Another major event is the opening concert on July 3: the Tokyo Quartet gives its last ever European concert, 44 years after the quartet founded, three days before their farewell concert in the US. The programme includes a suitable tearjerker: Schubert's final chamber work, the magnificent Quintet in C, with SCO principal cellist David Watkin. "East Neuk is where quartets come to die," laughs Brown, pointing out that the Belceas changed formation after playing the festival and the Alban Bergs gave some of their final concerts there.

"We're going to get a reputation - But we also support young quartets," he says, referring to returning Elias Quartet who perform a Mozart piano concerto in quintet format with Zacharias and full-length programmes that include Webern's Langsamer satz, Beethoven's Op 130 and the second quartets by Janacek and Schumann.

Other highlights? The London Conchord Ensemble – a collective of solo and orchestral players from around Europe – performing Poulenc, Messiaen, Mozart and Janacek in Cellardyke Church; Conchord's cellist Thomas Carroll, possessor of one of the most glorious legatos in the business, playing solo Bach and Dutilleux in Kilrenny; and the winds of the SCO with Dvorak's thick-set Wind Serenade, Ligeti's Bagatelles and Reicha Horn Trios in Cellardyke.

Brown describes his programming as a mesh of concentric concerts with threads winding obliquely through rather than slavishly obeying the overall theme.
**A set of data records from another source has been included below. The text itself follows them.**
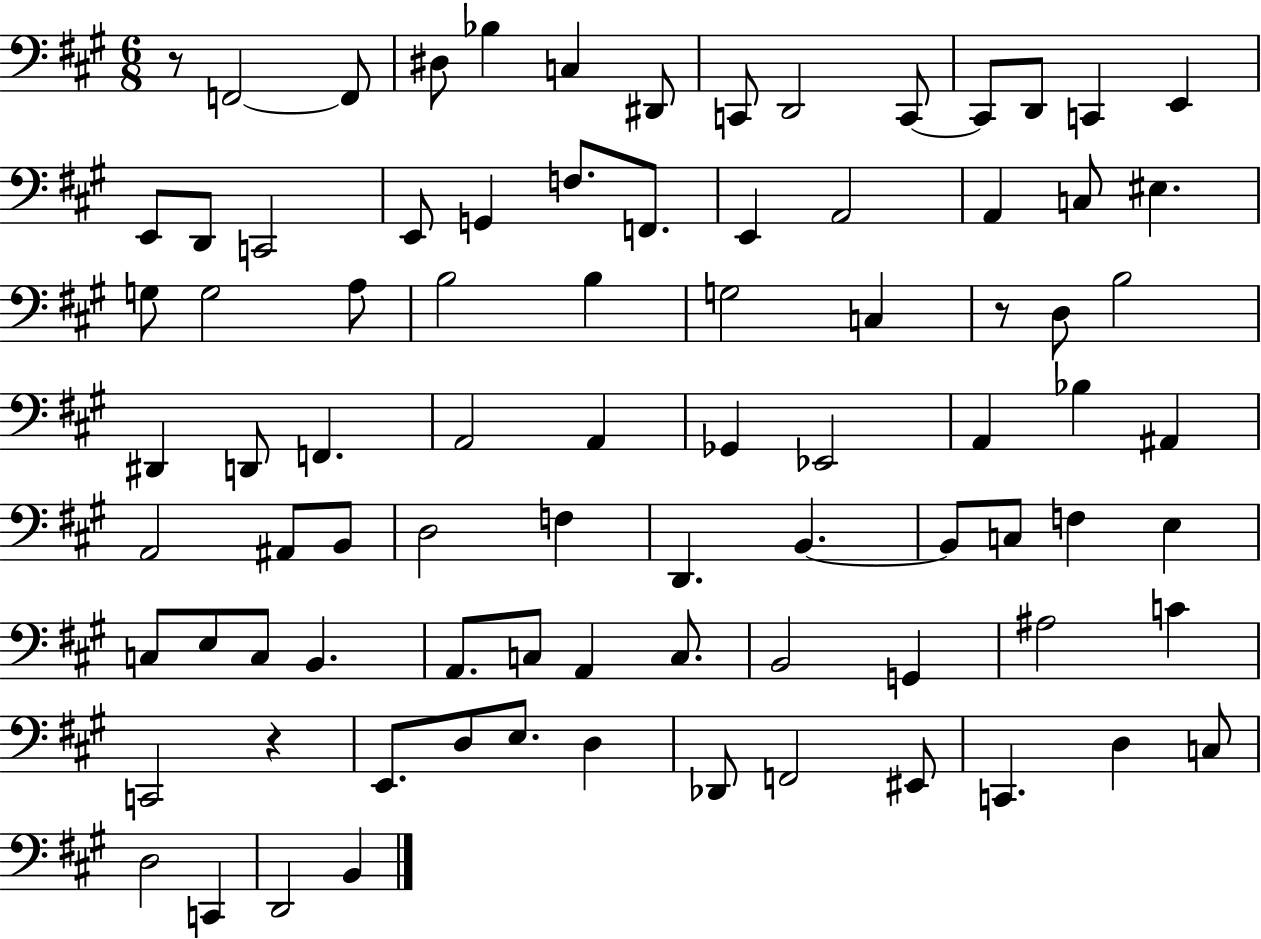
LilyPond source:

{
  \clef bass
  \numericTimeSignature
  \time 6/8
  \key a \major
  r8 f,2~~ f,8 | dis8 bes4 c4 dis,8 | c,8 d,2 c,8~~ | c,8 d,8 c,4 e,4 | \break e,8 d,8 c,2 | e,8 g,4 f8. f,8. | e,4 a,2 | a,4 c8 eis4. | \break g8 g2 a8 | b2 b4 | g2 c4 | r8 d8 b2 | \break dis,4 d,8 f,4. | a,2 a,4 | ges,4 ees,2 | a,4 bes4 ais,4 | \break a,2 ais,8 b,8 | d2 f4 | d,4. b,4.~~ | b,8 c8 f4 e4 | \break c8 e8 c8 b,4. | a,8. c8 a,4 c8. | b,2 g,4 | ais2 c'4 | \break c,2 r4 | e,8. d8 e8. d4 | des,8 f,2 eis,8 | c,4. d4 c8 | \break d2 c,4 | d,2 b,4 | \bar "|."
}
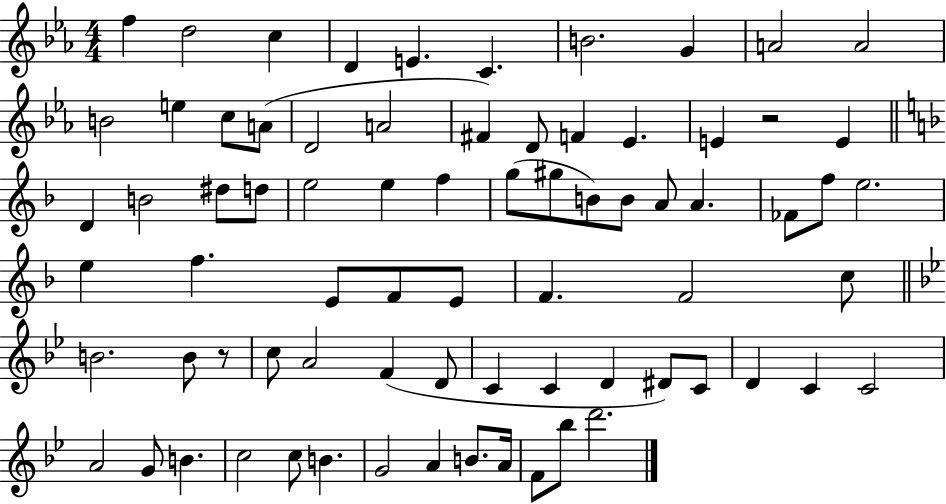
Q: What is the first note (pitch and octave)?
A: F5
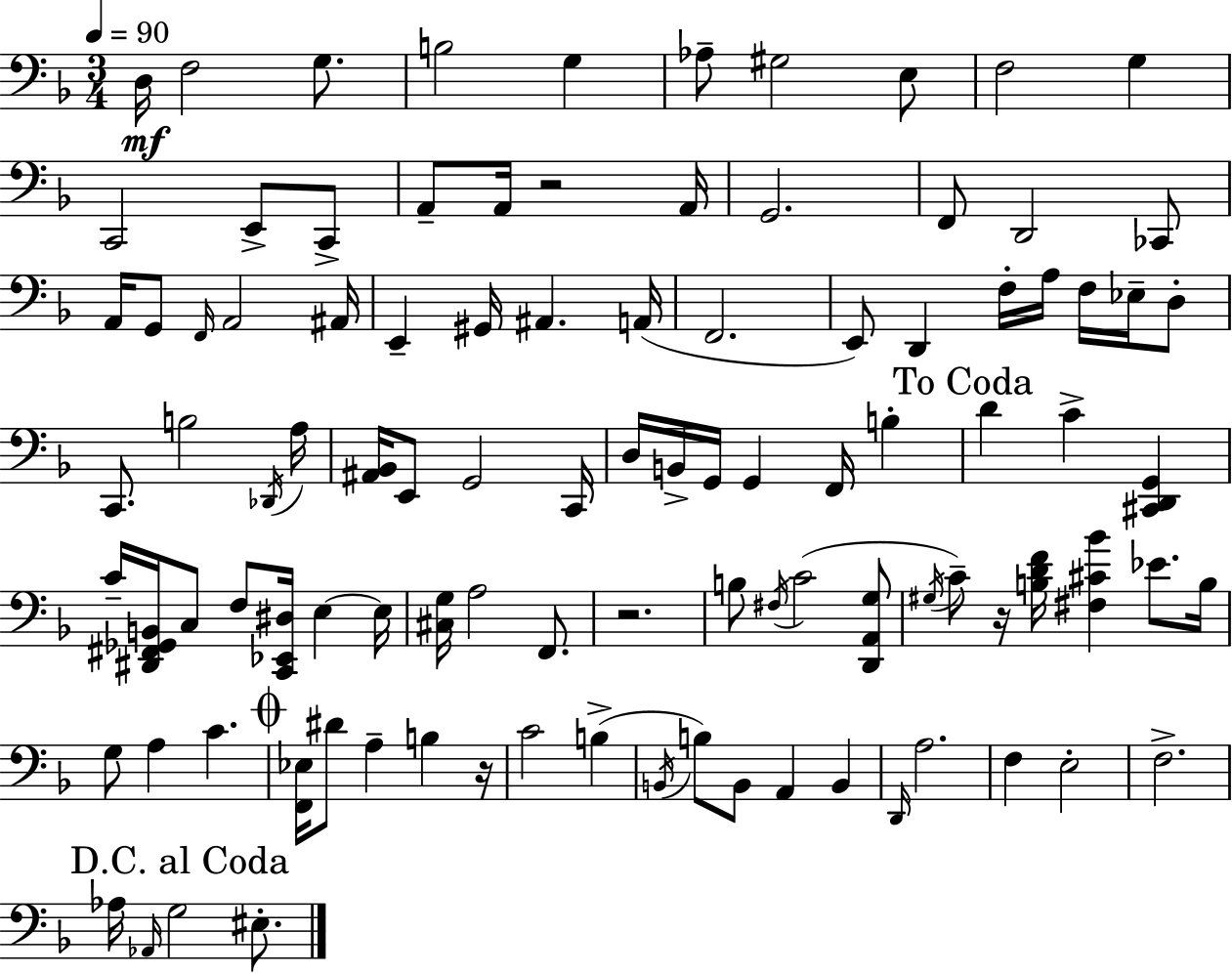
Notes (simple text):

D3/s F3/h G3/e. B3/h G3/q Ab3/e G#3/h E3/e F3/h G3/q C2/h E2/e C2/e A2/e A2/s R/h A2/s G2/h. F2/e D2/h CES2/e A2/s G2/e F2/s A2/h A#2/s E2/q G#2/s A#2/q. A2/s F2/h. E2/e D2/q F3/s A3/s F3/s Eb3/s D3/e C2/e. B3/h Db2/s A3/s [A#2,Bb2]/s E2/e G2/h C2/s D3/s B2/s G2/s G2/q F2/s B3/q D4/q C4/q [C#2,D2,G2]/q C4/s [D#2,F#2,Gb2,B2]/s C3/e F3/e [C2,Eb2,D#3]/s E3/q E3/s [C#3,G3]/s A3/h F2/e. R/h. B3/e F#3/s C4/h [D2,A2,G3]/e G#3/s C4/e R/s [B3,D4,F4]/s [F#3,C#4,Bb4]/q Eb4/e. B3/s G3/e A3/q C4/q. [F2,Eb3]/s D#4/e A3/q B3/q R/s C4/h B3/q B2/s B3/e B2/e A2/q B2/q D2/s A3/h. F3/q E3/h F3/h. Ab3/s Ab2/s G3/h EIS3/e.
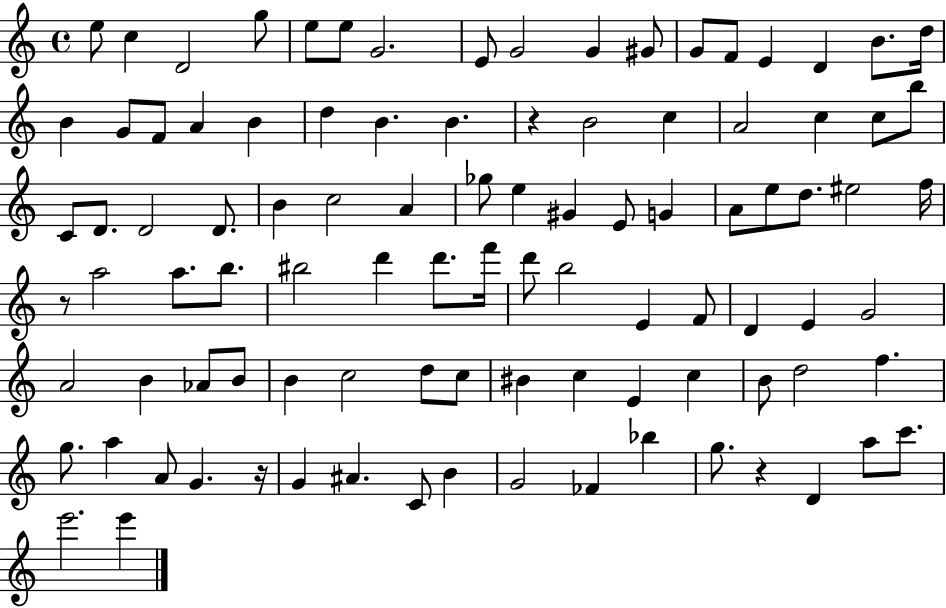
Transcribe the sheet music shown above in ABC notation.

X:1
T:Untitled
M:4/4
L:1/4
K:C
e/2 c D2 g/2 e/2 e/2 G2 E/2 G2 G ^G/2 G/2 F/2 E D B/2 d/4 B G/2 F/2 A B d B B z B2 c A2 c c/2 b/2 C/2 D/2 D2 D/2 B c2 A _g/2 e ^G E/2 G A/2 e/2 d/2 ^e2 f/4 z/2 a2 a/2 b/2 ^b2 d' d'/2 f'/4 d'/2 b2 E F/2 D E G2 A2 B _A/2 B/2 B c2 d/2 c/2 ^B c E c B/2 d2 f g/2 a A/2 G z/4 G ^A C/2 B G2 _F _b g/2 z D a/2 c'/2 e'2 e'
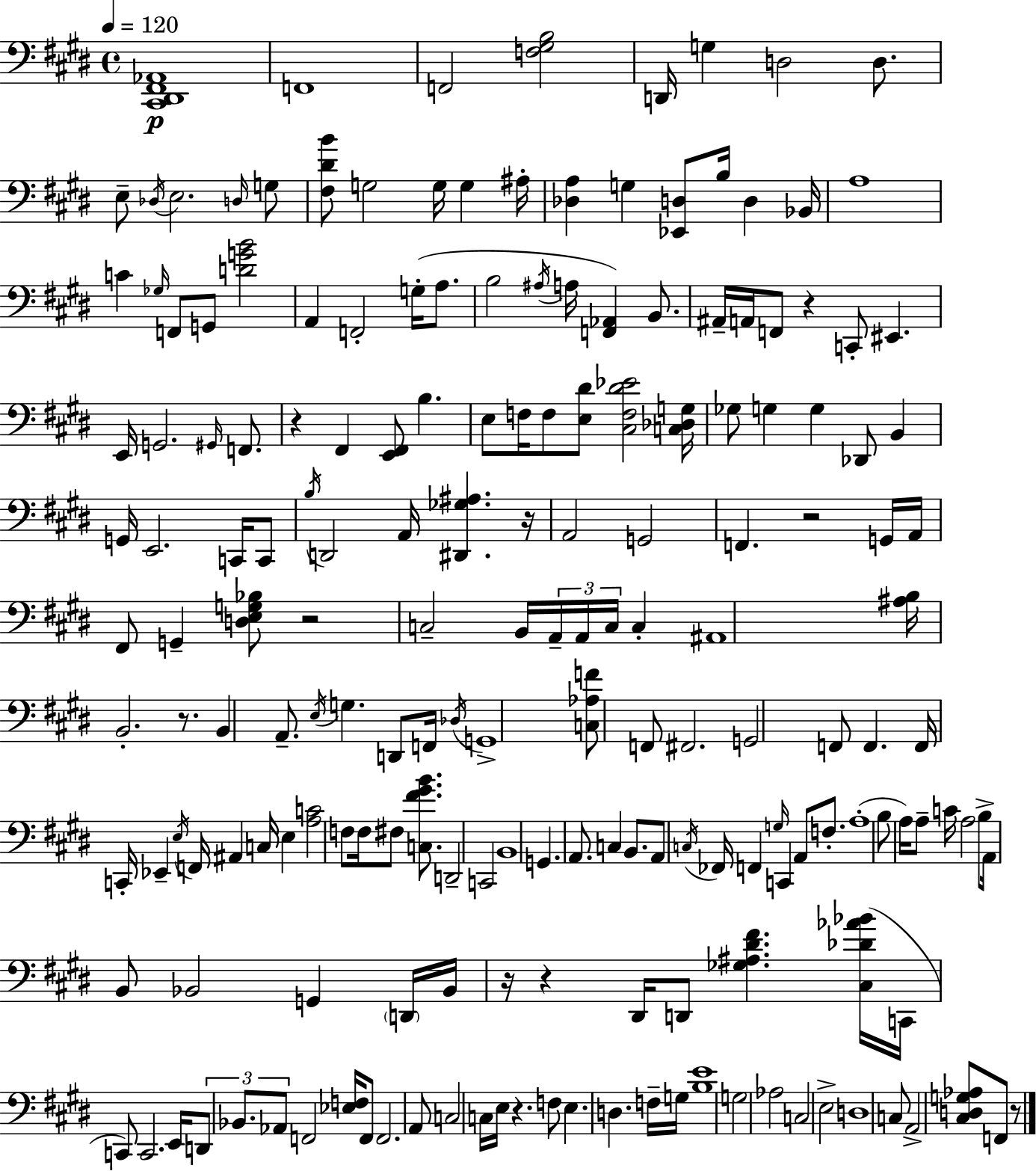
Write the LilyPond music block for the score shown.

{
  \clef bass
  \time 4/4
  \defaultTimeSignature
  \key e \major
  \tempo 4 = 120
  \repeat volta 2 { <cis, dis, fis, aes,>1\p | f,1 | f,2 <f gis b>2 | d,16 g4 d2 d8. | \break e8-- \acciaccatura { des16 } e2. \grace { d16 } | g8 <fis dis' b'>8 g2 g16 g4 | ais16-. <des a>4 g4 <ees, d>8 b16 d4 | bes,16 a1 | \break c'4 \grace { ges16 } f,8 g,8 <d' g' b'>2 | a,4 f,2-. g16-.( | a8. b2 \acciaccatura { ais16 } a16 <f, aes,>4) | b,8. ais,16-- a,16 f,8 r4 c,8-. eis,4. | \break e,16 g,2. | \grace { gis,16 } f,8. r4 fis,4 <e, fis,>8 b4. | e8 f16 f8 <e dis'>8 <cis f dis' ees'>2 | <c des g>16 ges8 g4 g4 des,8 | \break b,4 g,16 e,2. | c,16 c,8 \acciaccatura { b16 } d,2 a,16 <dis, ges ais>4. | r16 a,2 g,2 | f,4. r2 | \break g,16 a,16 fis,8 g,4-- <d e g bes>8 r2 | c2-- b,16 \tuplet 3/2 { a,16-- | a,16 c16 } c4-. ais,1 | <ais b>16 b,2.-. | \break r8. b,4 a,8.-- \acciaccatura { e16 } g4. | d,8 f,16 \acciaccatura { des16 } g,1-> | <c aes f'>8 f,8 fis,2. | g,2 | \break f,8 f,4. f,16 c,16-. ees,4-- \acciaccatura { e16 } f,16 | ais,4 c16 e4 <a c'>2 | f8 f16 fis8 <c fis' gis' b'>8. d,2-- | c,2 b,1 | \break g,4. a,8. | c4 b,8. a,8 \acciaccatura { c16 } fes,16 f,4 | \grace { g16 } c,4 a,8 f8.-. a1-.( | b8 a16) a8-- | \break c'16 a2 b8-> a,16 b,8 bes,2 | g,4 \parenthesize d,16 bes,16 r16 r4 | dis,16 d,8 <ges ais dis' fis'>4. <cis des' aes' bes'>16( c,16 c,8) c,2. | e,16 \tuplet 3/2 { d,8 bes,8. | \break aes,8 } f,2 <ees f>16 f,8 f,2. | a,8 c2 | c16 e16 r4. f8 e4. | d4. f16-- g16 <b e'>1 | \break g2 | aes2 c2 | e2-> d1 | c8 a,2-> | \break <cis d g aes>8 f,8 r8 } \bar "|."
}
At four and a half days, the festival is as long as he wants it to be: "This is never going to grow into an all-Fife, all-encompassing megalith," he says, "because the sense of intimacy is critical. The knack is to find other strands that can sit alongside the music."

One such strand has come in the shape of Littoral, the festival's literature programme launched last year. A day of events (July 6, Cambo House) includes kids' activities and talks from John Lister-Kaye, Esther Woolfson, Conor Mark Jameson, Patrick Barkham and Miriam Darlington; other highlights include Andrew Greig and Mike Heron in old-fashioned ceilidh setting of storytelling and tunes (Anstruther Town Hall, July 5). A panel-led debate (July 7) focuses on the idea of a silent summer: what will happens if the birds fall silent.

The East Neuk Festival runs July 3-7. Public booking opens on February 7.